**EXERCISE REQUIREMENTS:** Line by line, set down the records below from the first line through the line containing "محافظ مطروح وأعضاء". Omit the pictures.

**Stored data entries:**
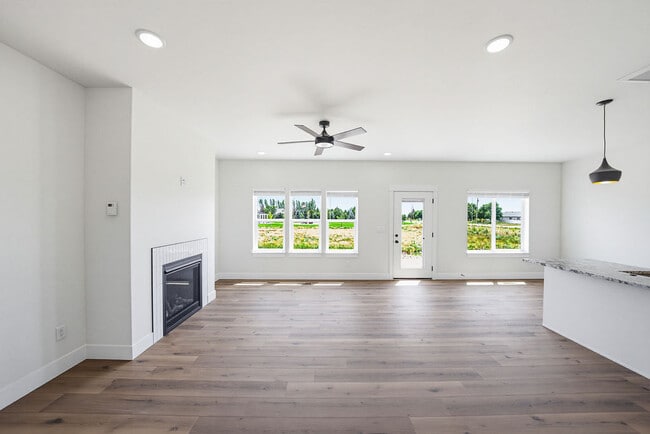 Building Photo - 475 River Bend Ln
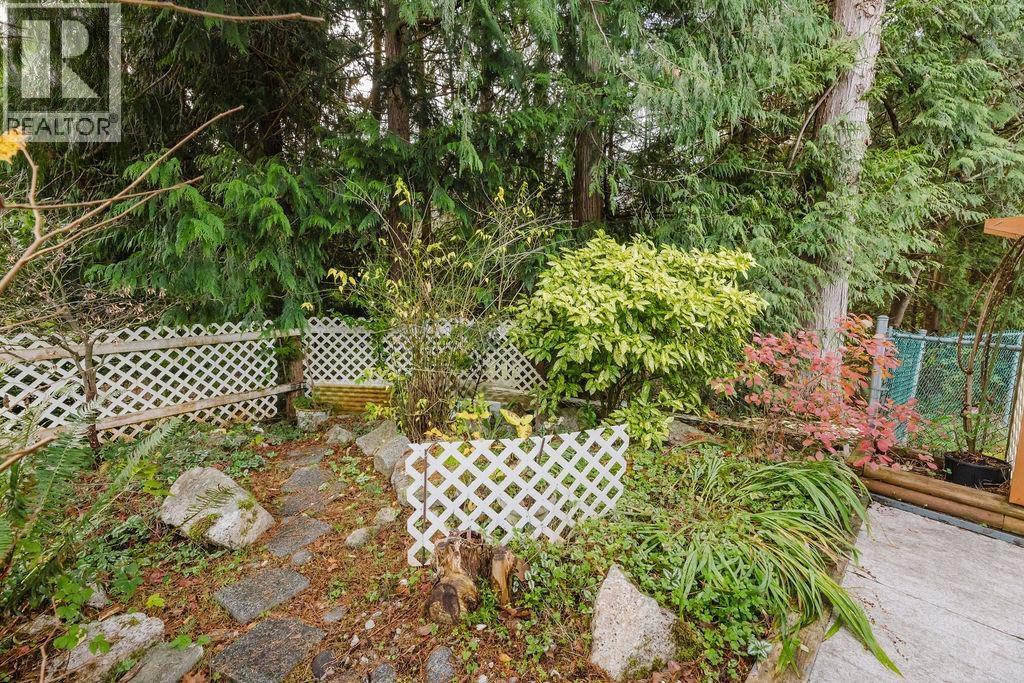 26 1123 Flume Road, Roberts Creek, British Columbia  V0N 2W2 - Photo 11 - R3068973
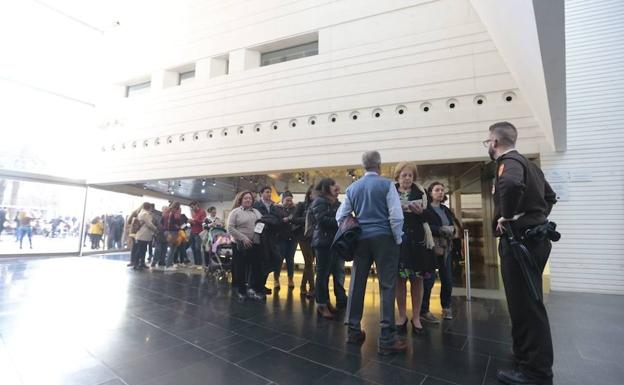 Colas para disfrutar la Noche en Blanco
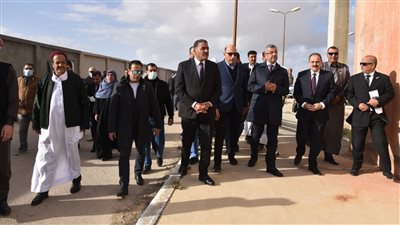 محافظ مطروح وأعضاء إسكان النواب يتفقدون محطة الصرف الصحي بعلوش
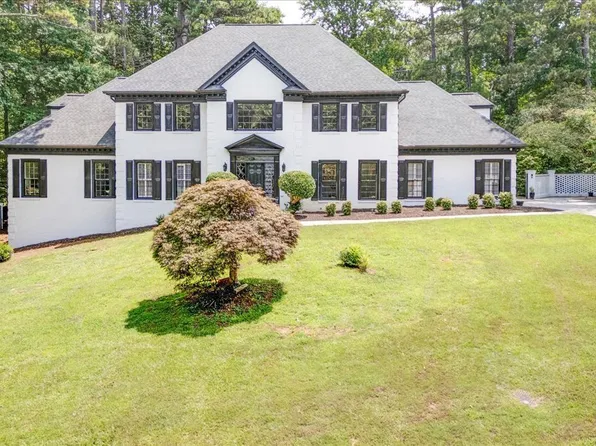 1887 Chedworth Ct, Stone Mountain, GA 30087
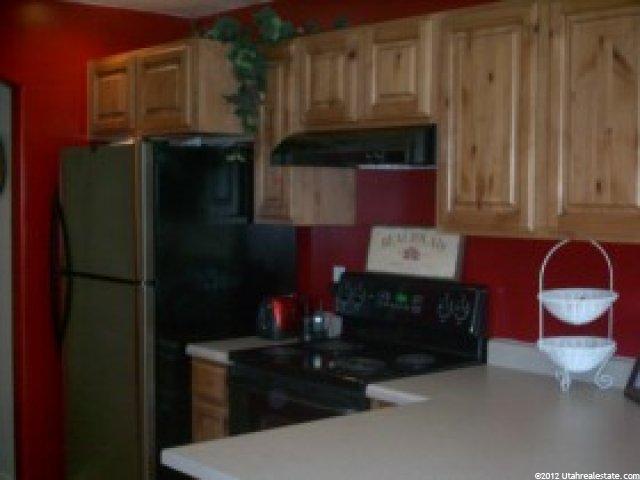 652 W 800 N #6, Clinton, UT 84015 — photo 3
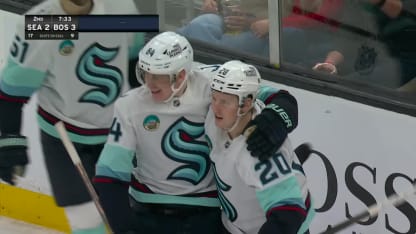 SEA@BOS: Tolvanen scores PPG against Jeremy Swayman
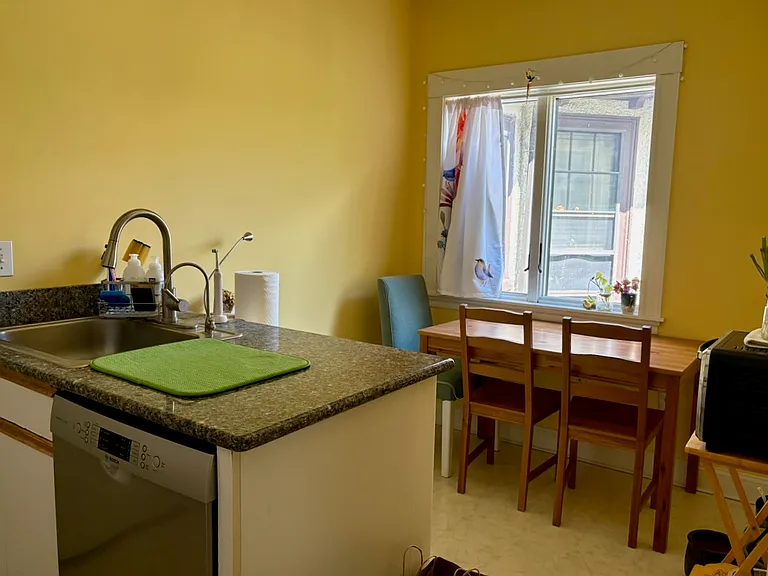 August 2026: Eat-in kitchen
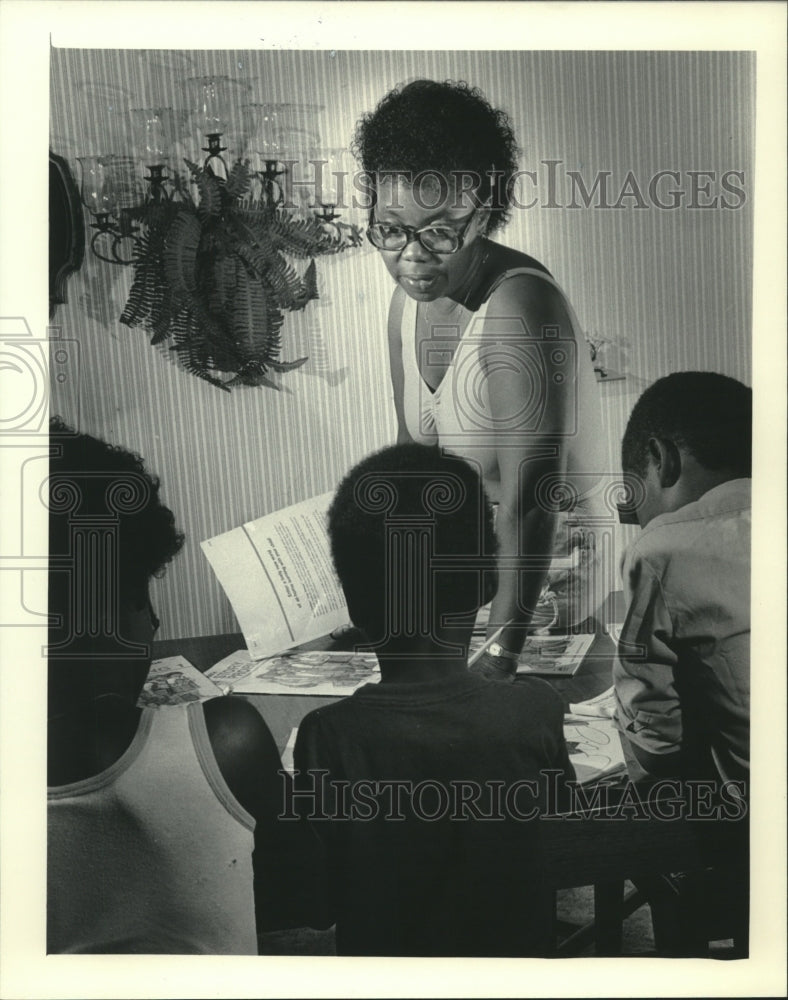 1985 Press Photo Diane Howard helping her foster children, Milwaukee - mjb85104 - Historic Images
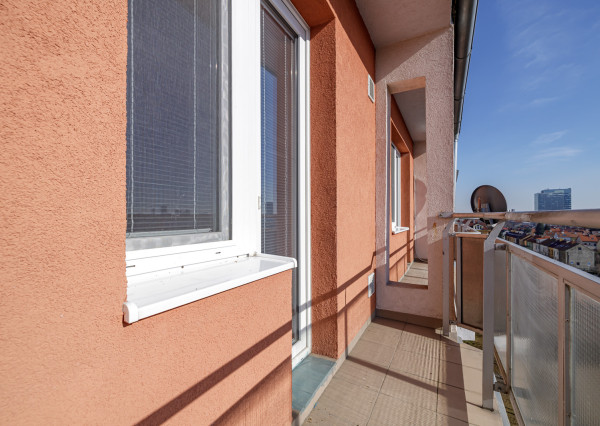 Na prenájom priestranný, moderný 2-izbový byt na Riazanskej ulici v Bratislave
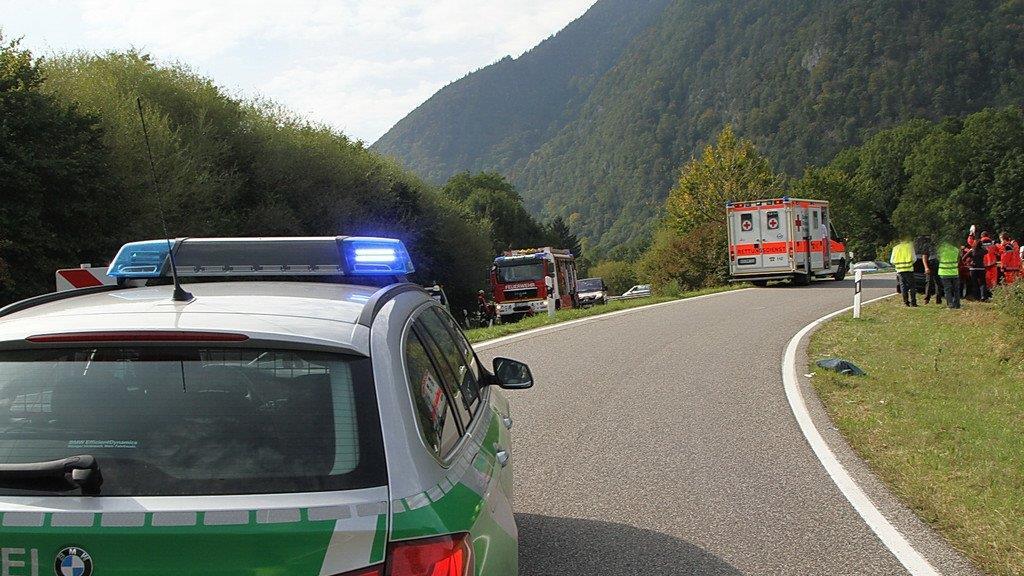 Trümmerfeld nach Frontalcrash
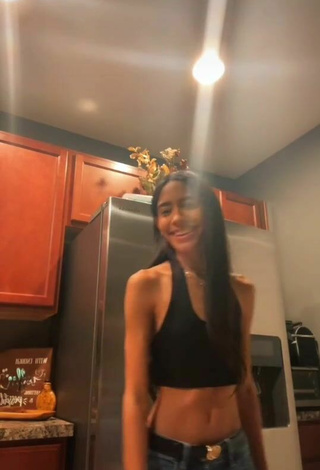 2. Sexy Sheilianice González in Black Crop Top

**SOLUTION FOR THIS PROBLEM:**
 Building Photo - 475 River Bend Ln
 26 1123 Flume Road, Roberts Creek, British Columbia  V0N 2W2 - Photo 11 - R3068973
 Colas para disfrutar la Noche en Blanco
 محافظ مطروح وأعضاء إسكان النواب يتفقدون محطة الصرف الصحي بعلوش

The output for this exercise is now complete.